BASICS: "Hummingbirds.....where is the person, I ask, who, on observing this glittering fragment of the rainbow, would not pause, admire, and turn his mind with reverence..." (J. J. Audubon).
This is a blog about my summer life at the Baiting Hollow Hummingbird Sanctuary, at my winter garden, Calypso, in the Bahamas, and aspects of life in general.
This private sanctuary is now permanently closed to the general public, as a result of a lawsuit brought by a neighbor. Only my friends and personal guests may visit (

Tuesday, May 12, 2015

Fred on his favorite perch, 40 feet away but close-up

Fred is the dominant male hummingbird at the Baiting Hollow Hummingbird Sanctuary. His favorite perch, where he spends more than 50% of his time, is near the dead tip-top of a red maple tree, that's probably about 50 feet high. From this spot he can watch several of his feeders, but above all the whole of the western valley beneath him. Luckily though the maple is tall, the base is about 30 feet below the upper garden and the decks. But that still means he's 20 feet above me, and my closest approach is 40 feet away. Furthermore, he's silhouetted against the silvery sky. The maple is also somewhat concealed behind a tall oak. However I've found that I've a clear view of this perch from the side deck of the back cabin, below which the ground falls abruptly down more than 50 feet. Nevertheless even from this vantage point he's still silhouetted against the sky. Furthermore, because he's 40 feet from me, I have to use my 1.5 X teleconverter lens on my Vixia G30, in addition to the standard 20X zoom plus the 2X digital zoom, for a total zoom of 60X! Even if I carefully brace my arms against the armrests of a good chair, there's still too much camera shake at that high magnification. So I have to use a tripod (my trusty, and slightly rusty after 20 years, old Bogen). To reduce the silhouetting problem, I have to get the viewpoint quite high above the deck (about 10 feet) so I've put the fully extended tripod on top of an old rather wobbly table that's on the deck. From this higher viewpoint (about level with the hummer) I can see the bird outlined not against the sky but against the woods on the other side of the valley.

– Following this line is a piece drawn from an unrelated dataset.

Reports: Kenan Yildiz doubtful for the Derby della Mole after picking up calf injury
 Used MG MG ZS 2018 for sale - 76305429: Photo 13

I have to climb on top of this ricketty table to set the focus. Once focussed, I can wait a short while for him to show up, always exactly at the same spot, and then press the "roll" button. Here's the first result. It's not quite in focus on the bird (the depth of field is only a few inches), and the lighting is not good (the sun was near it's zenith and slightly behind the bird) but not too bad for an initial attempt. You can see the ruby-red throat, though it's not exactly flashing, because of the bad lighting. He sometimes takes off briefly to catch an insect, out of view, but often quickly returns. 2X slo-mo.

1 comment:

  1. Well done. He's a real cutie-pie. I trust you're careful with that rickety table.